(Short web captions)
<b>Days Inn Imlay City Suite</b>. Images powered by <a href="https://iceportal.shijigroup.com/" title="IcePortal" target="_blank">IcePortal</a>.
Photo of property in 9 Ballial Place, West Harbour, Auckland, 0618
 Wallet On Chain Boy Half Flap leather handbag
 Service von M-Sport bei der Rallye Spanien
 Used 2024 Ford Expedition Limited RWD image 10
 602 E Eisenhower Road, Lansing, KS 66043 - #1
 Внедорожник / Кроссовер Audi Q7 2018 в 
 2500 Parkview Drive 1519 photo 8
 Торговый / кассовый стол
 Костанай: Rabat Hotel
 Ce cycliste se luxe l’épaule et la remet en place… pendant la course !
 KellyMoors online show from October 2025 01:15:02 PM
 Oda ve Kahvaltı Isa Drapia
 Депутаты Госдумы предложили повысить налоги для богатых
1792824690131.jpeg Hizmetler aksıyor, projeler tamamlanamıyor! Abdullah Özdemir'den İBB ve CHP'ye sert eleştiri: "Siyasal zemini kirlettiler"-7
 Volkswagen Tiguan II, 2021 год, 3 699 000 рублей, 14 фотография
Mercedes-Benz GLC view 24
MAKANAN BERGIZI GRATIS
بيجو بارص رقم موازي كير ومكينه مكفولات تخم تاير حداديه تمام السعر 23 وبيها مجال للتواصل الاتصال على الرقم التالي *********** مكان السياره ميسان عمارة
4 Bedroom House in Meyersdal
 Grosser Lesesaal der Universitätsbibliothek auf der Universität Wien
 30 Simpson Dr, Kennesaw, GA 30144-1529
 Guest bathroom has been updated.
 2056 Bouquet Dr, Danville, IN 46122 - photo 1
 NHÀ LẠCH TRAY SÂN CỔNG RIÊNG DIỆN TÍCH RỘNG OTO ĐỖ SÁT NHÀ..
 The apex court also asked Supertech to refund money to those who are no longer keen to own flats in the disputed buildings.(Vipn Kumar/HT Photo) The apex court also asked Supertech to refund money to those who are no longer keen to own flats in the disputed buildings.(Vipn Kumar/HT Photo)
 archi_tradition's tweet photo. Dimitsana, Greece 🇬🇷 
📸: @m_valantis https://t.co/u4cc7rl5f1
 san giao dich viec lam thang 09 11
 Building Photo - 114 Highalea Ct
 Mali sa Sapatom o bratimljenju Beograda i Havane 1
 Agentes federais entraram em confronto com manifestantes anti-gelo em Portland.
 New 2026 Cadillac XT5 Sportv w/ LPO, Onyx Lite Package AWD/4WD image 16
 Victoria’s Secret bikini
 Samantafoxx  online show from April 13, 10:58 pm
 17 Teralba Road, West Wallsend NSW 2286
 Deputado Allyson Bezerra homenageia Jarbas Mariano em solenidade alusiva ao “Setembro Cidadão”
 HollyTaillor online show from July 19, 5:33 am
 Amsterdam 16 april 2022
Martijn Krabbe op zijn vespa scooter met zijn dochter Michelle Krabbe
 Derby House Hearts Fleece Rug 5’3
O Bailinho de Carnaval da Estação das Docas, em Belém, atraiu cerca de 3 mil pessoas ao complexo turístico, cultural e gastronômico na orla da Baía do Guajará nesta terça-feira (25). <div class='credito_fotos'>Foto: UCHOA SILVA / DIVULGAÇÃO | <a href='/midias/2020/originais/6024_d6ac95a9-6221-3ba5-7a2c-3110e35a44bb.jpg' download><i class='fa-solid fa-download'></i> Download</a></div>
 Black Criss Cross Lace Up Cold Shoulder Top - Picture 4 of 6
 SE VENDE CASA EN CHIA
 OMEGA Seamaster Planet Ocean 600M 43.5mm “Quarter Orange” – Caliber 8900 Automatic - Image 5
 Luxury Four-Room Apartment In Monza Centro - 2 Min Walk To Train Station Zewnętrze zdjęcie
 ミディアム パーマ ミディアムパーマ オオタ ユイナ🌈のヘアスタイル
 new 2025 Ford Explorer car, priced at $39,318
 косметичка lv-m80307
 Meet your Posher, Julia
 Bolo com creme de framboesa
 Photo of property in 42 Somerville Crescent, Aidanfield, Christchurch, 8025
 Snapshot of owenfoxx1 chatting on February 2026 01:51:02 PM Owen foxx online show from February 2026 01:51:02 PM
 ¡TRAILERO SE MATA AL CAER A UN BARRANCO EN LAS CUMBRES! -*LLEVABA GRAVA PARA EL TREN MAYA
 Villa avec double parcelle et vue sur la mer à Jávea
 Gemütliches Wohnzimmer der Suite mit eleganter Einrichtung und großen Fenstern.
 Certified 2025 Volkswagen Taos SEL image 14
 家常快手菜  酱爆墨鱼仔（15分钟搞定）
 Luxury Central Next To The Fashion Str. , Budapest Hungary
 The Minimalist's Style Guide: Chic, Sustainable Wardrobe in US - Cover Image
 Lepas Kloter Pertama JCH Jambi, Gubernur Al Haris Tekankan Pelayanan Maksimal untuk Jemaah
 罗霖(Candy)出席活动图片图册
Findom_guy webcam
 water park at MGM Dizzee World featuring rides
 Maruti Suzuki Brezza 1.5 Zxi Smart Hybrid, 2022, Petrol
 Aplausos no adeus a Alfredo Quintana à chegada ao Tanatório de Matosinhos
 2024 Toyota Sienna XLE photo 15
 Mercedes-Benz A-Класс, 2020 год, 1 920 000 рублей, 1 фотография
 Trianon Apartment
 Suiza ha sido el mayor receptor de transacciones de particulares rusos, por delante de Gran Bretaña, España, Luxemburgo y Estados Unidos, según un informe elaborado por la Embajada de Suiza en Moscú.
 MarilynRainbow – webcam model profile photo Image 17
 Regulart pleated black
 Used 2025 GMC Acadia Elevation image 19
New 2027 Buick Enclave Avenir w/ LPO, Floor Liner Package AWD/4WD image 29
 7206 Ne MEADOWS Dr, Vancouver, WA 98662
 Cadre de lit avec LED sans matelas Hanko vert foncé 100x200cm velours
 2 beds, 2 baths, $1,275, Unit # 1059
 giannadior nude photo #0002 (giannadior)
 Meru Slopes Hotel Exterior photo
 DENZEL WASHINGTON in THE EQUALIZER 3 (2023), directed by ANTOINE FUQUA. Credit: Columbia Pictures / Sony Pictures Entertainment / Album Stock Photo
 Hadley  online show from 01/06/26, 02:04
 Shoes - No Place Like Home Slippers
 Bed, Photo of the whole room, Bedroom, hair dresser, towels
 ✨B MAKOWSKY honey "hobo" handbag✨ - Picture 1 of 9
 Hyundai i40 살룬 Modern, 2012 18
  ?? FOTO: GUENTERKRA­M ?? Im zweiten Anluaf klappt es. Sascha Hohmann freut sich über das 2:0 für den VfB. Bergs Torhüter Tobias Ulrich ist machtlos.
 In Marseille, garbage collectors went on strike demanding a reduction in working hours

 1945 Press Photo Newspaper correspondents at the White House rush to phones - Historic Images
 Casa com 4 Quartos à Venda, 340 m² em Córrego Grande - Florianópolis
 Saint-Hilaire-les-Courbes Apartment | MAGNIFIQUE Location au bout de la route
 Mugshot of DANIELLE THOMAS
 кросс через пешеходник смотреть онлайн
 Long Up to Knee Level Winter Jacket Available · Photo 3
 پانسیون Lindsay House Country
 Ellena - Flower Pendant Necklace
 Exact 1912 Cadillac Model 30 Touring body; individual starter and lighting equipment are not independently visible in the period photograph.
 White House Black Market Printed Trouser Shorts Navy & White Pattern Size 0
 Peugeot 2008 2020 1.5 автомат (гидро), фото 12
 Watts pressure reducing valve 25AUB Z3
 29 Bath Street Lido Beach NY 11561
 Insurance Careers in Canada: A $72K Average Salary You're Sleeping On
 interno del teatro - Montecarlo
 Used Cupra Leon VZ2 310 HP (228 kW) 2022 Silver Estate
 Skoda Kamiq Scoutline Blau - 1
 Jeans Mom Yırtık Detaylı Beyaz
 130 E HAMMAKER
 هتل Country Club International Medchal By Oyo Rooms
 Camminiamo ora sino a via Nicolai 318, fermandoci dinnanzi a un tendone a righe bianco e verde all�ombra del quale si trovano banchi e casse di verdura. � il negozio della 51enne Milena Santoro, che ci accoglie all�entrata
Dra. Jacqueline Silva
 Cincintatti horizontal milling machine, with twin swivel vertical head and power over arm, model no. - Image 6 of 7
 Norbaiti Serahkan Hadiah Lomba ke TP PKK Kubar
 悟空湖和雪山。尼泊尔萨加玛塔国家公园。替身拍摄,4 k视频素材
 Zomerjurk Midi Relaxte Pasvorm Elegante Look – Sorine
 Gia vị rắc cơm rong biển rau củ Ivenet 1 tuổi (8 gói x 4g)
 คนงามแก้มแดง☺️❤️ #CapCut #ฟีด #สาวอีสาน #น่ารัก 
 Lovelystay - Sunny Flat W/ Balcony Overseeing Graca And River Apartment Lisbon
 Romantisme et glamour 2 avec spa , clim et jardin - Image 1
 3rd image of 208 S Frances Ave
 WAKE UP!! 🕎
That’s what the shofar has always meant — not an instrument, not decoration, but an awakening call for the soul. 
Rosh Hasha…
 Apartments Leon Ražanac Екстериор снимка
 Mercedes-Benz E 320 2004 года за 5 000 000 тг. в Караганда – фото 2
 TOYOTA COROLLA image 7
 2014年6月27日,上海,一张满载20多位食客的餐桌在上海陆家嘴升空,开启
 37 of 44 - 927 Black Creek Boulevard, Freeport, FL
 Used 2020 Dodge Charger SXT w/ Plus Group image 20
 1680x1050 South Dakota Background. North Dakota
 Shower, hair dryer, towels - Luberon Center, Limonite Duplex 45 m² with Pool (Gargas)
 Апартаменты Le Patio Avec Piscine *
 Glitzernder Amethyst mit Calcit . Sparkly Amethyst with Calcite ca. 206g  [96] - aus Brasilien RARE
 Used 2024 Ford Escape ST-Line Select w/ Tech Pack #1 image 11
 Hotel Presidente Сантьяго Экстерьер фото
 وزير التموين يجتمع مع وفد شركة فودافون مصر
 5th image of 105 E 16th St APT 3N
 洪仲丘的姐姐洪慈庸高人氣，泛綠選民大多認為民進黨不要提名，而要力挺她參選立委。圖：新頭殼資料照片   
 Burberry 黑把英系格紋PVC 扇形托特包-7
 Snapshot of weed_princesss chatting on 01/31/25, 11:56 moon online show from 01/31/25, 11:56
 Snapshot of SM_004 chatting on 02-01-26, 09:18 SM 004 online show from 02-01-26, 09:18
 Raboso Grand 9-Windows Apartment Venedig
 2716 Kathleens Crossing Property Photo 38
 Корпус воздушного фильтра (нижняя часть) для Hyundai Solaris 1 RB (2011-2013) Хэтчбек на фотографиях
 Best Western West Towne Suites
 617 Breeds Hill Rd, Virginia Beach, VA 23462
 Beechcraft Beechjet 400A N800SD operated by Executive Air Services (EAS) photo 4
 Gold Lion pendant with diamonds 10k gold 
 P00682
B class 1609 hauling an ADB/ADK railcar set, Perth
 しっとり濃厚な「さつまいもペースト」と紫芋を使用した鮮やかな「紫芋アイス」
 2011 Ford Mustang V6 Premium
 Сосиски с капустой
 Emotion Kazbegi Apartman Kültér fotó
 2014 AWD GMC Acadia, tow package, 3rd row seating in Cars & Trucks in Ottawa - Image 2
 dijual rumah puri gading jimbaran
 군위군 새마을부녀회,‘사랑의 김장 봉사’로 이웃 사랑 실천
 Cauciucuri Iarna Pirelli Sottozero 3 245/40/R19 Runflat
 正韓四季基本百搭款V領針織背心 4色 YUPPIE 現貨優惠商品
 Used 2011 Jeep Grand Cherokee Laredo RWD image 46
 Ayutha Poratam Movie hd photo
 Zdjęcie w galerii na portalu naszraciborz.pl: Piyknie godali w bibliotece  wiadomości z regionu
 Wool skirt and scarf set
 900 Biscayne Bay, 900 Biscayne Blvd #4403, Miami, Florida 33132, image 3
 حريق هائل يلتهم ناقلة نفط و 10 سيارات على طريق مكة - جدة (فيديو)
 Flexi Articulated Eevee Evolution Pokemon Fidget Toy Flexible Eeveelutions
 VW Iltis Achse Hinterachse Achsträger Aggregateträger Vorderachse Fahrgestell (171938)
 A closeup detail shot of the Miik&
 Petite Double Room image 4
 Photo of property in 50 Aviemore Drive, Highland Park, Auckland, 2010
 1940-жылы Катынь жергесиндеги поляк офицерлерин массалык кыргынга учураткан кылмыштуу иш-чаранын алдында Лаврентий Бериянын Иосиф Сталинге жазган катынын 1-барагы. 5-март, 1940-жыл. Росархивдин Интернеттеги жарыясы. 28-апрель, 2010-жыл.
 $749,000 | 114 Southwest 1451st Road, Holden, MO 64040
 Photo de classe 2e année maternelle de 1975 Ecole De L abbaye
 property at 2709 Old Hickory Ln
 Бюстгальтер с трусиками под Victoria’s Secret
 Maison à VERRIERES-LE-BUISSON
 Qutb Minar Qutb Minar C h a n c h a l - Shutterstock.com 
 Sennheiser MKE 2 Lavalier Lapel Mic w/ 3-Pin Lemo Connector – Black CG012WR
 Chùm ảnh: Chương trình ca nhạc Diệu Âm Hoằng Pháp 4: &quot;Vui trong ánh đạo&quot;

(Try it) Starting with the line that holds "O Bailinho de" and ending with the line that holds "SE VENDE CASA EN CHIA", retype every line in the data above exactly, and nothing else.

(Expected answer)
O Bailinho de Carnaval da Estação das Docas, em Belém, atraiu cerca de 3 mil pessoas ao complexo turístico, cultural e gastronômico na orla da Baía do Guajará nesta terça-feira (25). <div class='credito_fotos'>Foto: UCHOA SILVA / DIVULGAÇÃO | <a href='/midias/2020/originais/6024_d6ac95a9-6221-3ba5-7a2c-3110e35a44bb.jpg' download><i class='fa-solid fa-download'></i> Download</a></div>
 Black Criss Cross Lace Up Cold Shoulder Top - Picture 4 of 6
 SE VENDE CASA EN CHIA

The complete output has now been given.